There are some ways around this, which is just stacking your character to the point of being over-powered. Penny Punching Princess has a surprisingly deep RPG system that you can play with between missions. You can level up your HP or DEF with attribute points which are obtained by finding Zenigami statues on missions. You can also create different armours or even Zenigami statues by bribing a specific amount of certain minions and traps. If you really want to, you can replay levels that have the minions you need, stock up on attribute points or armours, and then just run through difficult levels with relative ease.
The thing is, replaying levels isn’t very fun. Each level never changes, so if you need to go bribe a few Onioon minions, you’ll have to play a level with those minions. But if you’ve already gotten the highest rank of S or found all the hidden Zenigami statues in that level, you’re forced to play through the same exact map and the same exact encounters each replay. The gameplay isn’t enjoyable enough to really warrant it either; it’s just fighting, getting money, buying minions, rinse and repeat. It is also extremely hard to buy armour or statues without grinding levels that you’ve already played unless you are lucky and just happen to buy the right minions needed for whatever you need to buy.
All of this makes the vast amount of options the game does offer, feel shallow. If you have to go back and replay levels over and over again, it takes away the importance of beating a new level for the first time. You know you’ll probably have to come back and do it again. This is fine for the most part until you hit a difficulty spike in the game which forces you to go back and grind for better armour or more attribute points. This would be fine, but obtaining new armour isn’t all that exciting, and replaying the levels can really feel like a drag if you have to go complete the whole thing just to bribe one or two minions.
When you are playing a new level for the first time, Penny Punching Princess is great fun. The game can throw a lot at you at once, but once you get the hang of traps and attack patterns the fight scenarios are chaotic fun, especially if you have the funds to turn traps on enemies. Boss fights are another highlight. Fighting a gigantic samurai dragon while running around and turning all his traps on him can be fun, and the fights can last awhile in comparison to the smaller skirmishes that take mere seconds to complete. The grading system is also a good way to make the player strive for perfection, though I never really found it all that difficult to achieve a level score of A or S as long as I completed the level without dying.
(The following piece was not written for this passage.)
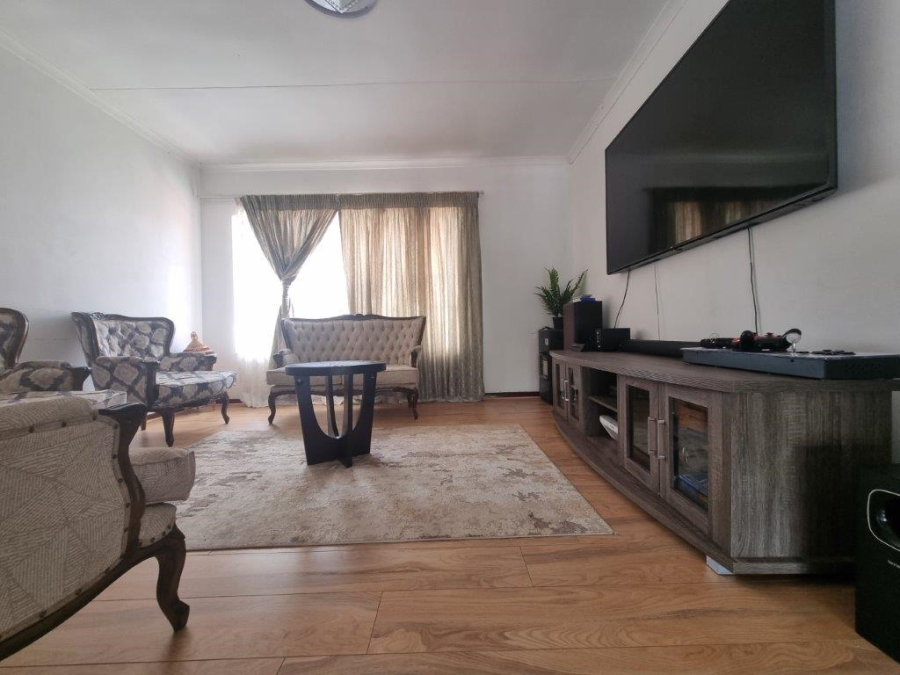 3 Bedroom Property for Sale in Faerie Glen Gauteng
It really all comes down to how much fun using that magic calculator is. Without it, Penny Punching Princess would just be another fighting game and a boring one at that. It is one of few games where currency actually feels important, which is impressive in itself. If you have money, odds are you’re winning the fight. It’s not only a fun play on the industry’s current play-to-win woes but also elevates the gameplay in a fun and unique way. The game also has a lot to offer in terms of collecting statues and armour; it’s just unfortunate that it is so grindy to get a lot of what you need to succeed. But in a lot of ways that ties into the theme of Penny Punching Princess: in a world ruled by capitalism, grinding for materials is king.